##### Exercise data
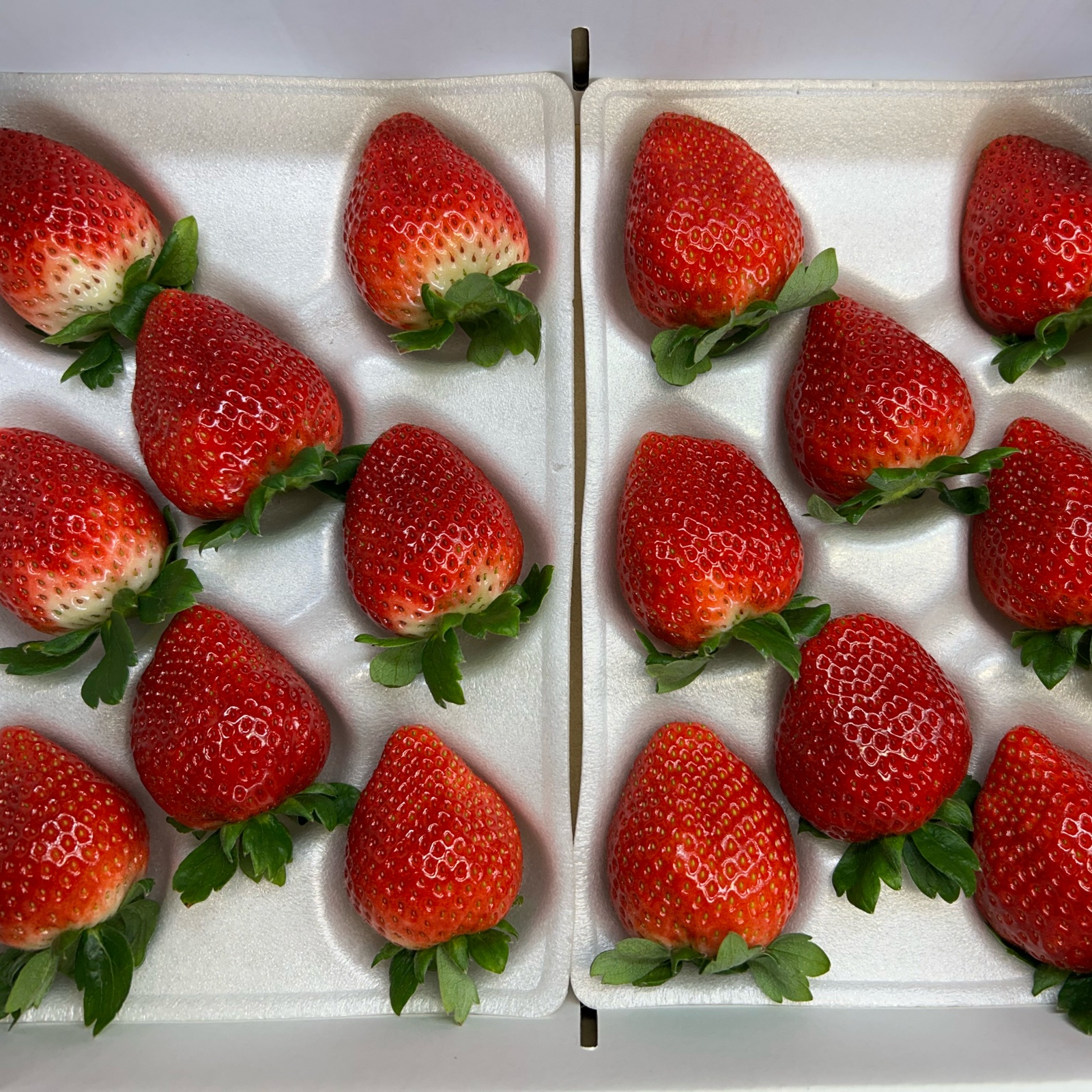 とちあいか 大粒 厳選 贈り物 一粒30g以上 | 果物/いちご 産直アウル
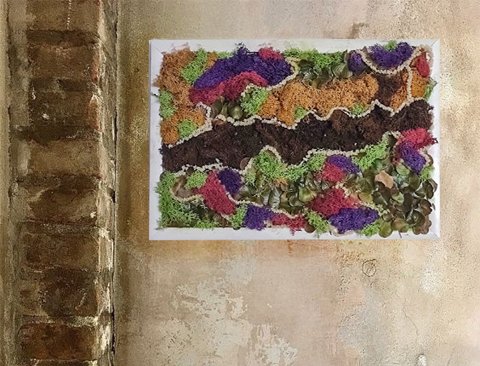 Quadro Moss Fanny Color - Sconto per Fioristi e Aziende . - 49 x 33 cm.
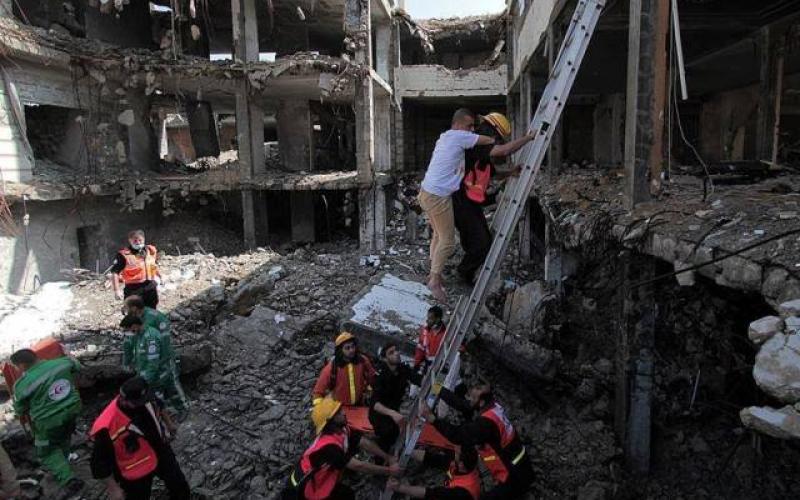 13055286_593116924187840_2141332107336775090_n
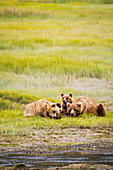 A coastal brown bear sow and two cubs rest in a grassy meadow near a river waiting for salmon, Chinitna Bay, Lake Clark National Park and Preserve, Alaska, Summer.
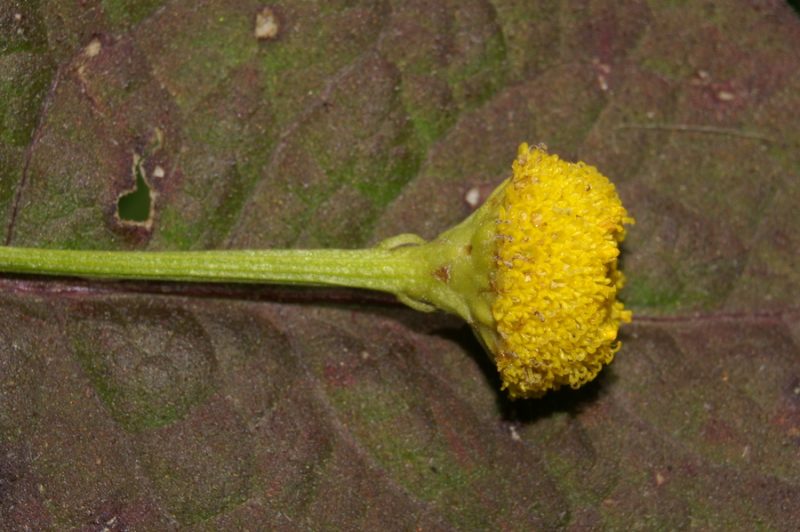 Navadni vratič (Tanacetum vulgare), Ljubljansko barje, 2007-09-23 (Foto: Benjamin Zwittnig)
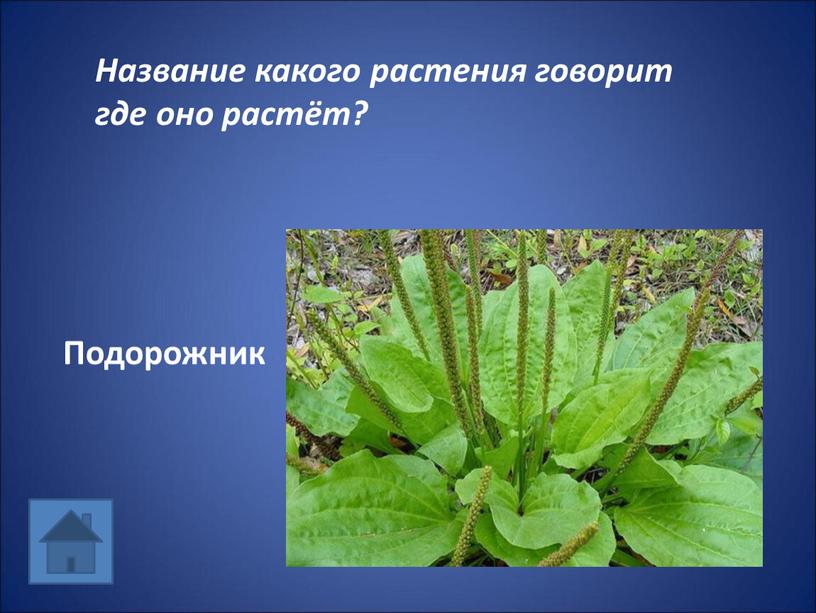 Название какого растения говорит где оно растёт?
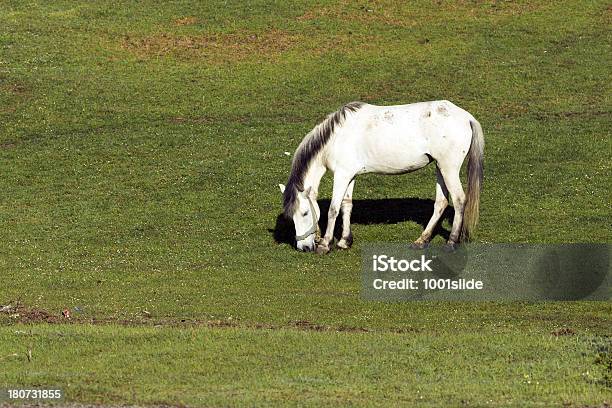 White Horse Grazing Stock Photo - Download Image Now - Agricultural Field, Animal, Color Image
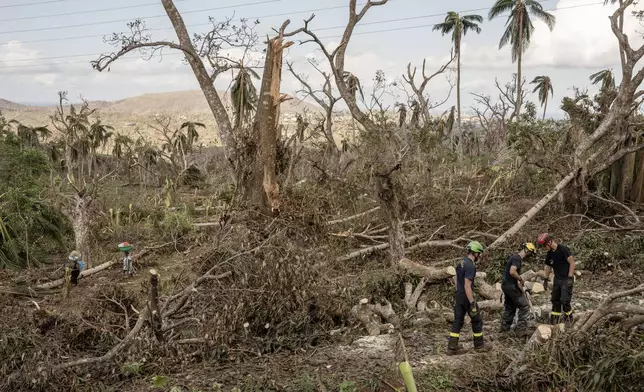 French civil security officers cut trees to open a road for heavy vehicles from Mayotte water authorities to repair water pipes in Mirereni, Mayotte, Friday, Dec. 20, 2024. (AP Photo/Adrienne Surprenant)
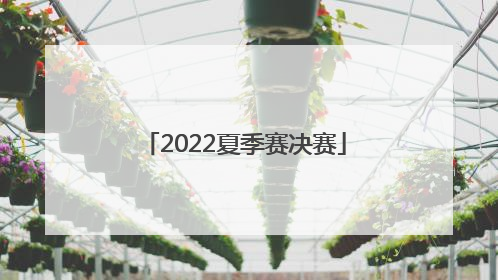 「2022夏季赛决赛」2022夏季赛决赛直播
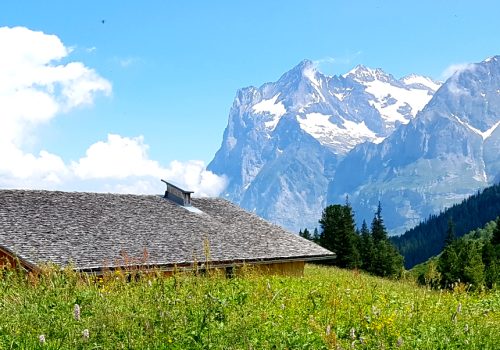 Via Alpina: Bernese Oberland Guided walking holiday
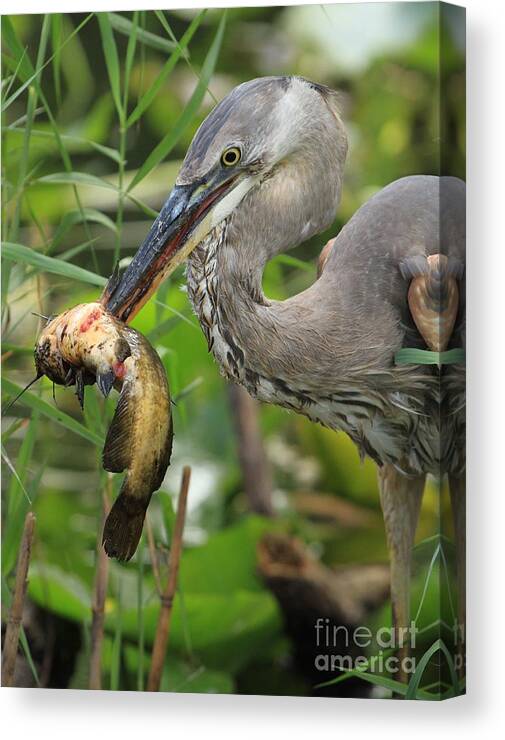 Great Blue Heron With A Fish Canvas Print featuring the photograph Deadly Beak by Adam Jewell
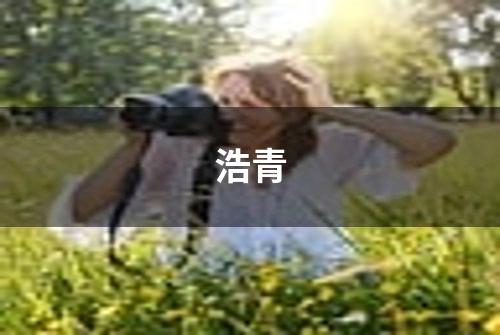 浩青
##########
Transcribe each record exactly as it appears, but omit every picture.

> [Your solution]
 とちあいか 大粒 厳選 贈り物 一粒30g以上 | 果物/いちご 産直アウル
 Quadro Moss Fanny Color - Sconto per Fioristi e Aziende . - 49 x 33 cm.
 13055286_593116924187840_2141332107336775090_n
 A coastal brown bear sow and two cubs rest in a grassy meadow near a river waiting for salmon, Chinitna Bay, Lake Clark National Park and Preserve, Alaska, Summer.
 Navadni vratič (Tanacetum vulgare), Ljubljansko barje, 2007-09-23 (Foto: Benjamin Zwittnig)
 Название какого растения говорит где оно растёт?
 White Horse Grazing Stock Photo - Download Image Now - Agricultural Field, Animal, Color Image
 French civil security officers cut trees to open a road for heavy vehicles from Mayotte water authorities to repair water pipes in Mirereni, Mayotte, Friday, Dec. 20, 2024. (AP Photo/Adrienne Surprenant)
 「2022夏季赛决赛」2022夏季赛决赛直播
 Via Alpina: Bernese Oberland Guided walking holiday
 Great Blue Heron With A Fish Canvas Print featuring the photograph Deadly Beak by Adam Jewell
 浩青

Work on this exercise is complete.